#### Records for processing
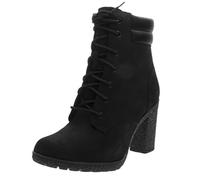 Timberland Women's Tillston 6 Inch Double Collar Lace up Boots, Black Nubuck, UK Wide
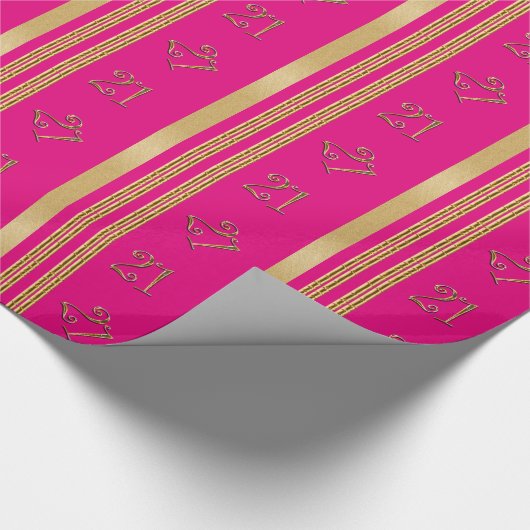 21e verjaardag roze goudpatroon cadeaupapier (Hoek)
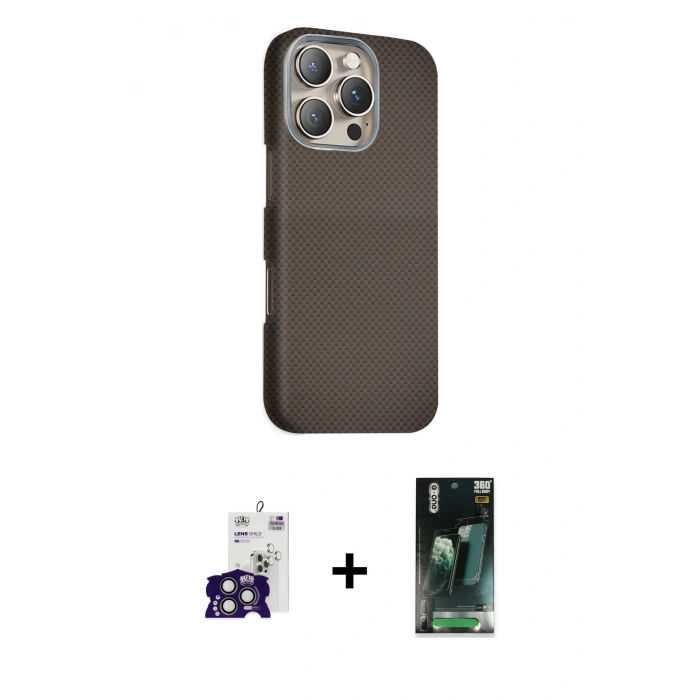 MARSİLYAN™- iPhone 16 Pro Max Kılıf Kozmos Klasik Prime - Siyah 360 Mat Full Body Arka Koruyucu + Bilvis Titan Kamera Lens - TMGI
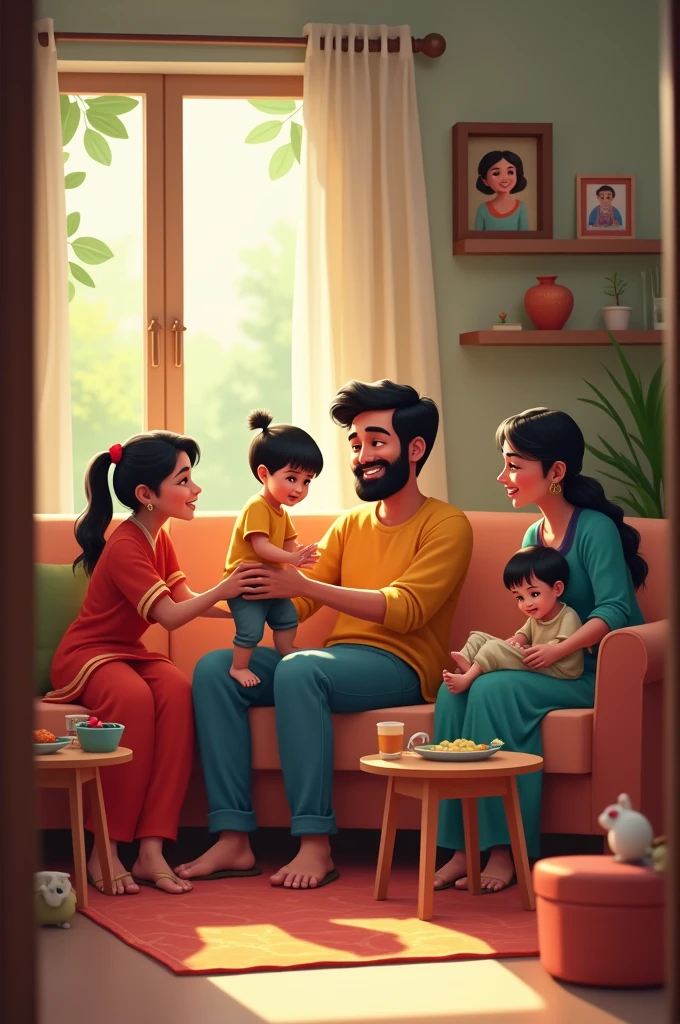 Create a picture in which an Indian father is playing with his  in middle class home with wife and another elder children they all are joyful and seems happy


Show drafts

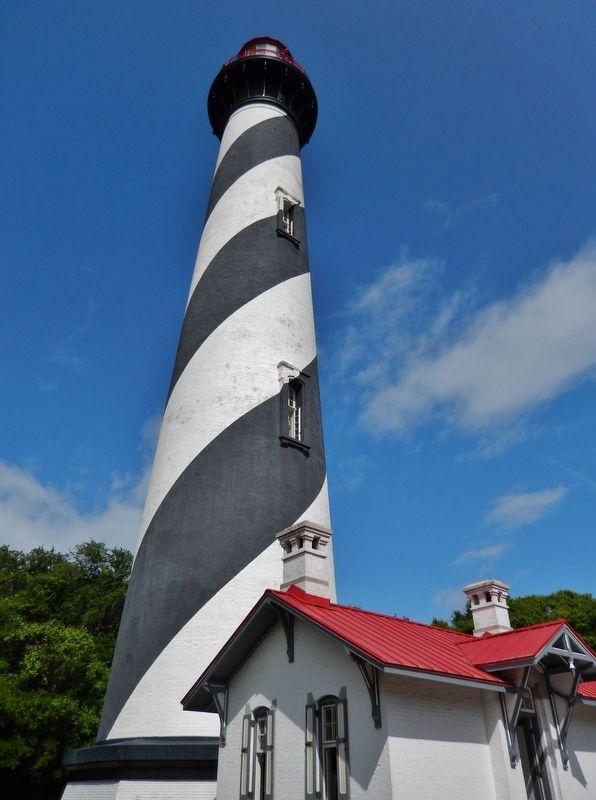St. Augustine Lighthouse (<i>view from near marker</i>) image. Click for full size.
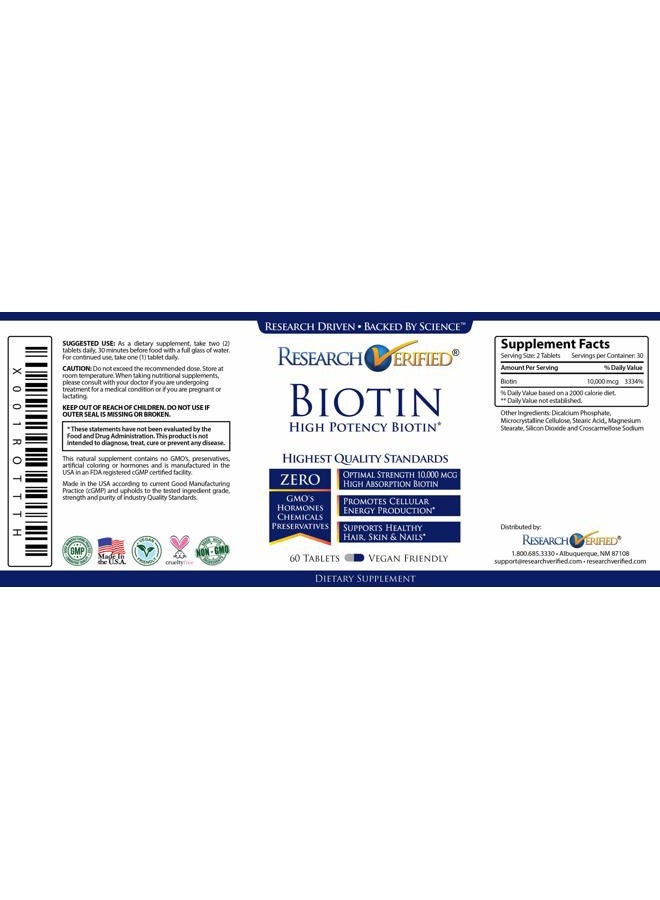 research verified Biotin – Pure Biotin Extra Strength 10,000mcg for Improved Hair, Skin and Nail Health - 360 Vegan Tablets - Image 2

#### What is required
Excluding the pictures, transcribe each entry above word for word.

#### Output below
 Timberland Women's Tillston 6 Inch Double Collar Lace up Boots, Black Nubuck, UK Wide
 21e verjaardag roze goudpatroon cadeaupapier (Hoek)
 MARSİLYAN™- iPhone 16 Pro Max Kılıf Kozmos Klasik Prime - Siyah 360 Mat Full Body Arka Koruyucu + Bilvis Titan Kamera Lens - TMGI
 Create a picture in which an Indian father is playing with his  in middle class home with wife and another elder children they all are joyful and seems happy


Show drafts

St. Augustine Lighthouse (<i>view from near marker</i>) image. Click for full size.
 research verified Biotin – Pure Biotin Extra Strength 10,000mcg for Improved Hair, Skin and Nail Health - 360 Vegan Tablets - Image 2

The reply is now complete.